Friedrich Voss (7 July 1872 — 3 March 1953) was a German civil engineer educated at Braunschweig University of Technology.

==Biography==
Voss was born in Calvörde. As a civil engineer his career began at the municipal waterways management of Hamburg-Harburg. In 1903, Voss became technical assistant at the Ministry of Public Works; 1908 appointed as head of the newly created bridge construction office within the Imperial Office of the Canals, following the enlargements of the Kaiser Wilhelm Canal. Voss designed and engineered three viaducts over the Kiel Canal: The Holtenau (1912-1992), Rendsburg (1913) and Hochdonn (1919) high bridges. In 1923, Voss resigned for health reasons from the civil service and founded an engineering company in Kiel, together with two of his colleagues.

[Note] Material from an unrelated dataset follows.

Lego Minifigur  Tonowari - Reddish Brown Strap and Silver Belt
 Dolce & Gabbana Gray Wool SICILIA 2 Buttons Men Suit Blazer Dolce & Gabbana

Besides the viaducts over the Kiel Canal, Voss designed numeral other bridges, for example the Rendsburg Swing Bridge over the Kiel Canal that was closed 1961, a road bridge over the Eider at Friedrichstadt as well as a bascule bridge over the Eider at Lexfähre, a bascule bridge in Duisburg, a combined road and railroad bridge over the Rethe in Hamburg and a bridge over the Rhine in Krefeld-Uerdingen.

In 1922 Friedrich Voss was awarded an honorary degree at the Braunschweig University of Technology. He died at Kiel on 3 March 1953. A day after his death, he was awarded the Federal Cross of Merit. Voss is buried at the Park Cemetery Eichhof in Kronshagen.